### WORK TASK
Give only the lines from the one containing "Vidro Da Porta" through the end of the material below, exactly as written.

————

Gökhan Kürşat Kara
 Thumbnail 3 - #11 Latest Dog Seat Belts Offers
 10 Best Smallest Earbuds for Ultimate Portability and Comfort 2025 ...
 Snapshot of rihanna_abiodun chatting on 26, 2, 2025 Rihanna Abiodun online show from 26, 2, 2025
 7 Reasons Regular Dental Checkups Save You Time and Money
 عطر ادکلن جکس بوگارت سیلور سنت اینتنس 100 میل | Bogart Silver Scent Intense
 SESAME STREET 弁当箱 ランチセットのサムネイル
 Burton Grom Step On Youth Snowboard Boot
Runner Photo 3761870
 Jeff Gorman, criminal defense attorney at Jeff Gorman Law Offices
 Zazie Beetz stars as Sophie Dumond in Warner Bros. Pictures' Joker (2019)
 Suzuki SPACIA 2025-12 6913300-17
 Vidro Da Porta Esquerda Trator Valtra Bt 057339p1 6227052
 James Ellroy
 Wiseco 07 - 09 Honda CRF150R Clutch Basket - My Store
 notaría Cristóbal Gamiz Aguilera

————

### RESPONSE AREA
 Vidro Da Porta Esquerda Trator Valtra Bt 057339p1 6227052
 James Ellroy
 Wiseco 07 - 09 Honda CRF150R Clutch Basket - My Store
 notaría Cristóbal Gamiz Aguilera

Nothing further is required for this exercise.